1485. Robert Southey to Charles Watkin Williams Wynn, [July/August 1808] *
My dear Wynn
Whenever the encouragement of literature is talked of again in the House. I should think a motion for letting Proof-Sheets pass as franks would not be opposed, – xxxxx xxxxxx xxx xxxxxx xxxxxx xxxxxx xxxxx xxxxxxxxxx xxxx, they cannot produce 100 £ a year to the Post Office, – probably not half the sum, – but it is a tax of some weight on the few individuals whom it affects – & a good deal of inconvenience is occasioned to the Printers by waiting for franks, while their presses stand still.

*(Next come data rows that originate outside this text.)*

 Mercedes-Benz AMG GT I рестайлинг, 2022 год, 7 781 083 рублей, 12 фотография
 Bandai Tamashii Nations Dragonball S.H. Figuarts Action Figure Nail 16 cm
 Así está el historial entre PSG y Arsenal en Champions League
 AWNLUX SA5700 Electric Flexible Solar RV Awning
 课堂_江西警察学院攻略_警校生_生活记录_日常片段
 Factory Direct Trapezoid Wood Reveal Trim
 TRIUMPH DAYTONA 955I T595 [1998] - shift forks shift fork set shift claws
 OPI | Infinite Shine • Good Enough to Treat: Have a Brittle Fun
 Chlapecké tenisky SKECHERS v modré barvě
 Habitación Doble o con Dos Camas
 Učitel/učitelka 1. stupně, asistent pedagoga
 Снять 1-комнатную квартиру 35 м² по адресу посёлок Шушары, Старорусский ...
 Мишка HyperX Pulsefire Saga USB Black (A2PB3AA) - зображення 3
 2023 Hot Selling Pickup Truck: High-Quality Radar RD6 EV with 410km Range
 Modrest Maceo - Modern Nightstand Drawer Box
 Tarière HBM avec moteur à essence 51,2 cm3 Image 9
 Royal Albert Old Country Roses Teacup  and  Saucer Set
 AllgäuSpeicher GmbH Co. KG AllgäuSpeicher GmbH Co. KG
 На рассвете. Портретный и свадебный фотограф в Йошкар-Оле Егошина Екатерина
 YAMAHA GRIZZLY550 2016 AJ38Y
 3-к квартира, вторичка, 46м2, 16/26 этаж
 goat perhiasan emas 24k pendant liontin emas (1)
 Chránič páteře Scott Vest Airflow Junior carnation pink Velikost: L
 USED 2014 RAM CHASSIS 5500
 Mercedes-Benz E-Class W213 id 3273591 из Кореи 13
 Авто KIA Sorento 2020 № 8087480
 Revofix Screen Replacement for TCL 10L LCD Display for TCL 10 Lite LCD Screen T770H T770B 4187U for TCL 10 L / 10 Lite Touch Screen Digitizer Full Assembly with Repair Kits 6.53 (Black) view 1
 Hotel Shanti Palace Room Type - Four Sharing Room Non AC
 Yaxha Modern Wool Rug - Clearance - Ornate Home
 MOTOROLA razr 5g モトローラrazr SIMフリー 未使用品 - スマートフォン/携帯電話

Few persons have greater facilities for geting franks than myself, yet the proofs which are without them, & those which are over weight from being damp, or <which are> misdated, do not cost me less than 30/ shillings, a year. – The proofs of Madoc cost me 50s – rather too much out of five & twenty pounds profit.
I have by me Bishop Lavingtons tracts concerning the Moravians, – & as I can in great part vouch for the accuracy of his Catholick references there seems no reason to suspect him in xxx the others.  At first these tracts left upon my mind the same impression which has been made upon yours, .. nor have I any doubt that Zinzendorff  was altogether a designing man, & that the absurdities & obscenities charged upon them in their outset are in the main true. But it is so in the beginning of all sects, & it seems to be th a regular part of the process of fanaticism. Devotion borrows its language from carnal love, this is natural xx enough, .. & the consequences are natural enough <also> when one who is more known than enthusiast begins to talk out of Solomons Song to a sister in the spirit. But this sort of leaven soon purges off, – the fermentation ceases, & the liquor first becomes fine, then vapid, – & at last you come to the dregs. Moravianism is in its second stage: its few proselytes fall silently in, led by conviction <solitary> thought & conviction, not hurried on by contagious feelings, – & the main body of its members have been born within the pale of <the> society. They do not live up to the rigours of their institutions in England, – even here however it is certain that they are a respectable & respected people: & as missionaries they are meritorious beyond all others. No people but the Quakers understand how to communicate Xtianity so well & the Quakers are only beginning, whereas the Moravians have for half a century been labouring in the vineyard. Krantz’s Hist. of the what they have done in Greenland  is a most valuable book – there is also a Hist. of their American missions which I want to get.  Among the Hottentots  they are doing much good. – The best account of the society as it exists here, is to be found I believe in a novel called Wanley-Penson,  a great deal concerning their early history in England is to be found in Wesleys Journals.  He was at one time closely connected with them, – but as there could not be two Popes, a seperation unluckily took place. I say unluckily, because Methodism is far the worst system of the two.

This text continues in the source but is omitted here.